I recently was told that eating 1 1/4 cups of oats for breakfast is really too much -- (i am trying to lose b/f). As I like oats very much maybe someone can recommend a more reasonable helping size.

By the way what's better (or is it the same) oats or 'all bran'?

Thanks for the advice.


----------



## LAM (Sep 8, 2004)

breakfast should actually be the highest carb meal. 1 cup of oats is enough, that''s almost 60 grams of carbs right there..


----------



## Jodi (Sep 8, 2004)

Depends on your current stats.


----------



## atherjen (Sep 8, 2004)

is that cooked measurements or dry? 

All bran is a bit more processed than the old fashioned or scottish oatmeal, but still high in fiber and a good choice for a cereal.


----------



## Emma-Leigh (Sep 9, 2004)

gareth said:
			
		

> I recently was told that eating 1 1/4 cups of oats for breakfast is really too much -- (i am trying to lose b/f). As I like oats very much maybe someone can recommend a more reasonable helping size.
> 
> By the way what's better (or is it the same) oats or 'all bran'?
> 
> Thanks for the advice.



How much oatmeal you can eat in the mornings really depends on your stats (age, height, weight, bodyfat %) and a lot of other things. Personally, I feel you can get away with more carbohydrates earlier in the day - and that a proper breakfast is essential!
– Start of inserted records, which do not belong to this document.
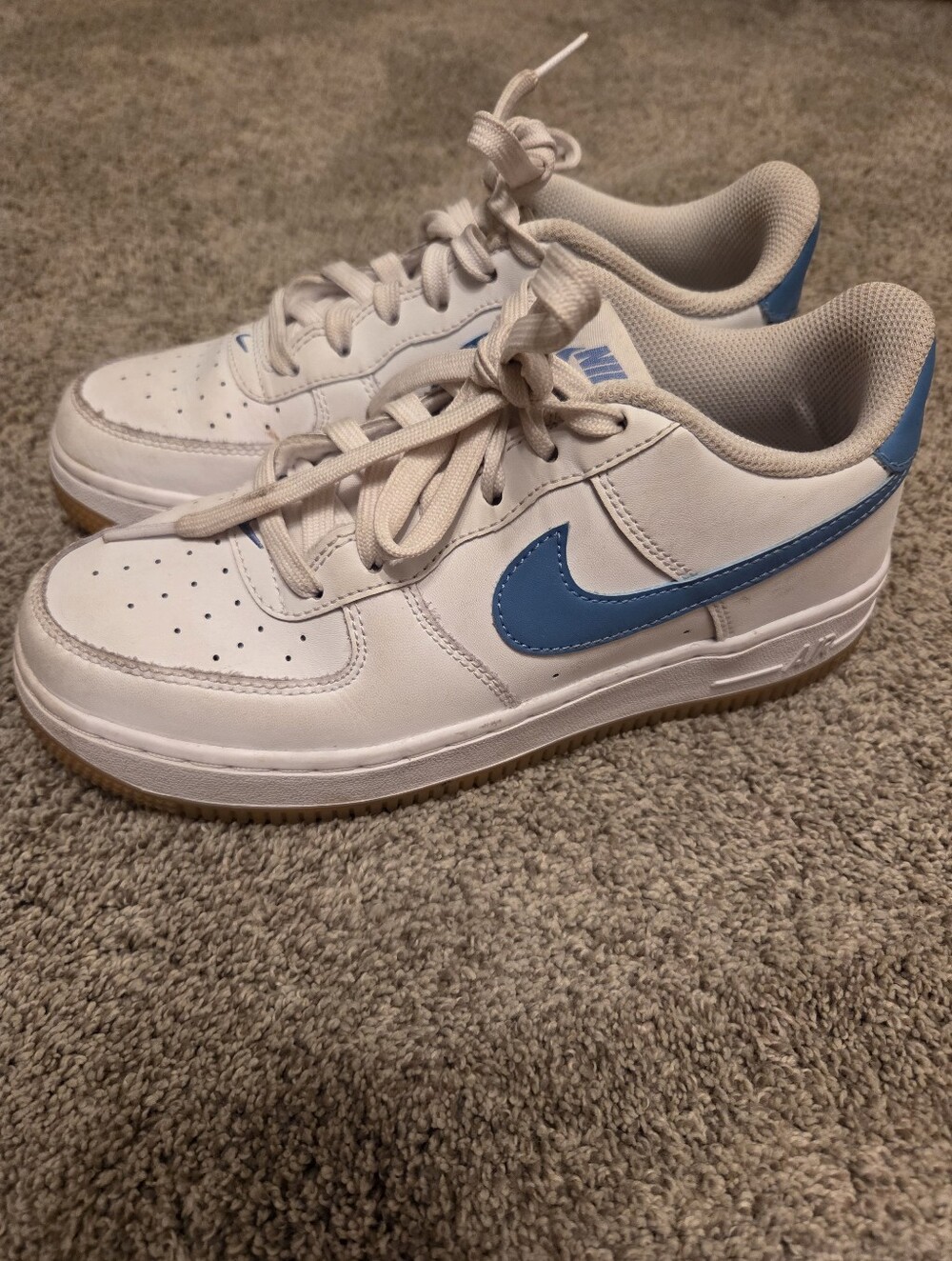 Nike Kids White Sneakers with Blue Swoosh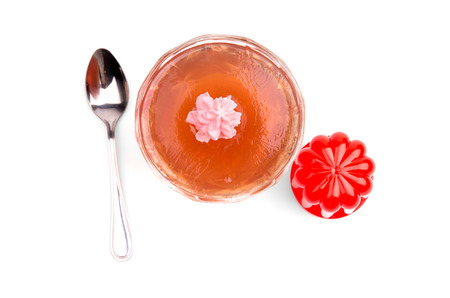 Cream balloon, jelly in glass bowl and spoon on white backgroundの写真素材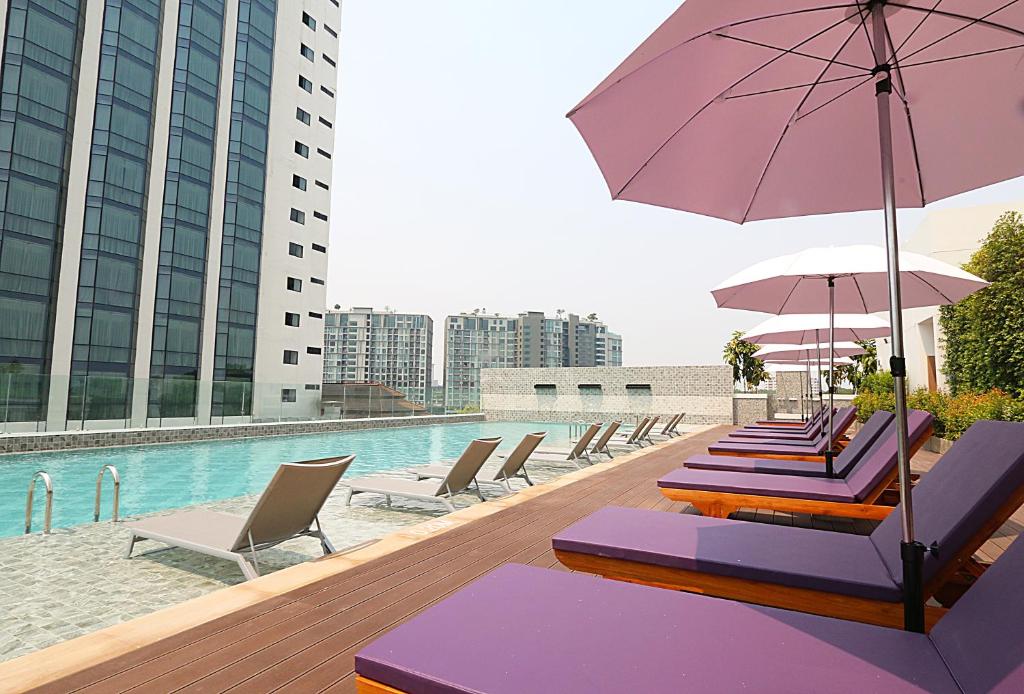 A sunny rooftop pool deck lined with purple loungers and pink umbrellas.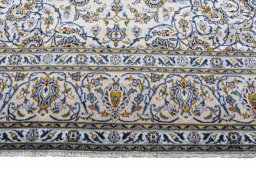 Close-up detail of 2000s Kashan rug from Iran / Persia showing Wool weave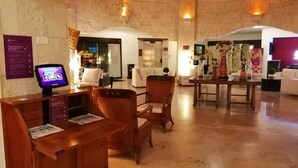 Eine Lobby mit Empfangstresen, Sitzgelegenheiten und einer Treppe zu einer oberen Ebene.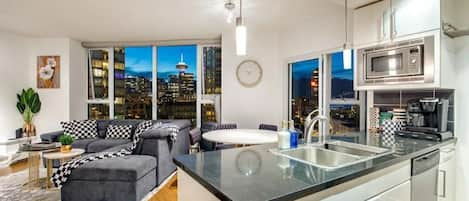 - Open concept living room, kitchen and dinning room
- Stunning view at night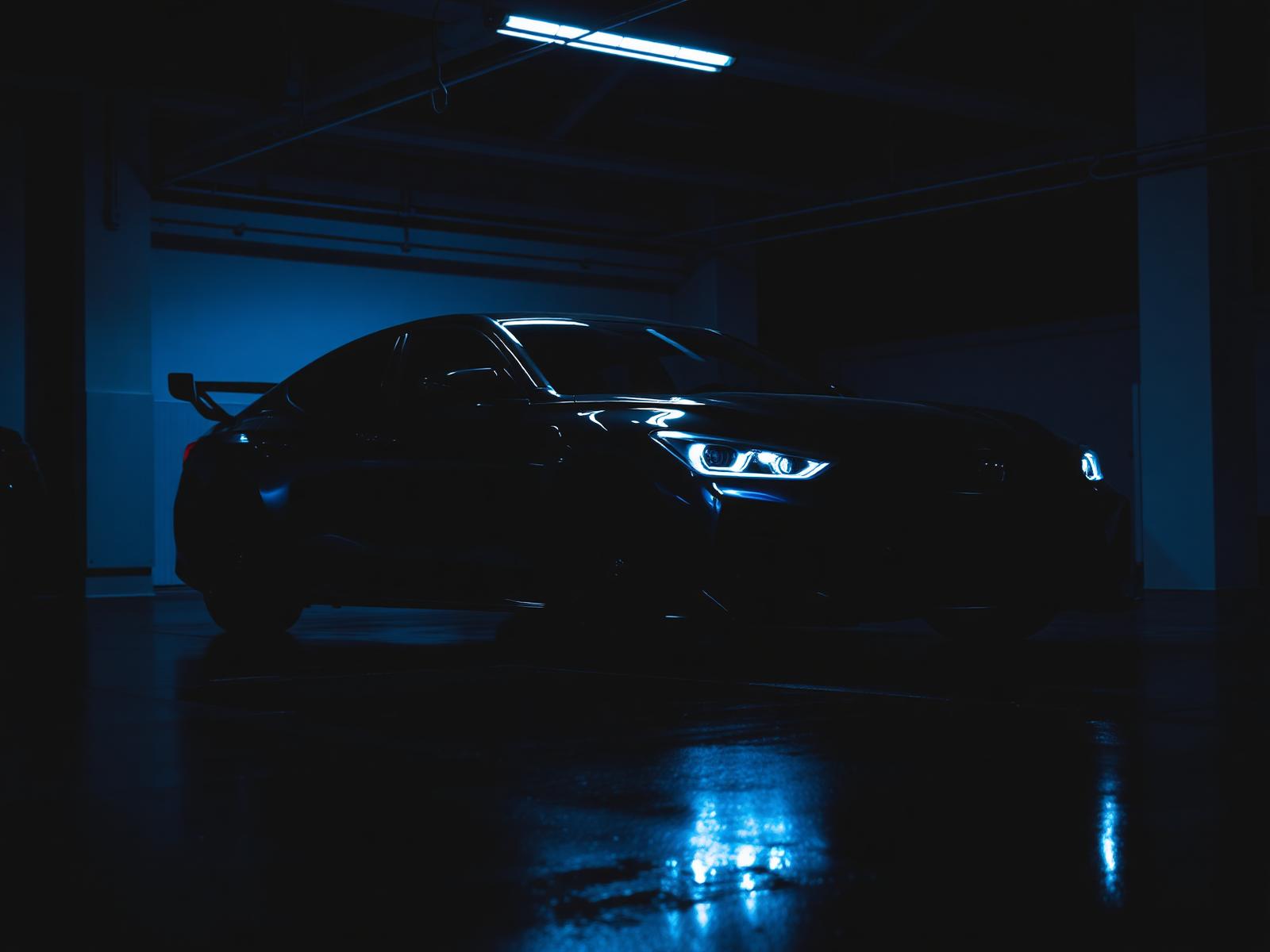 Tinted luxury car in dark garage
Also - Oats (esp scotch oats, but also old-fashioned rolled oats) are much better than all bran - all bran is glorified cardboard (it is processed, has added sugars/salt/chemicals and is basically just 'roughage'). It also has none of the nutritional or health benifits of oats.


----------



## sara (Sep 9, 2004)

I eat 3/4 Cup oats (measured dry)


----------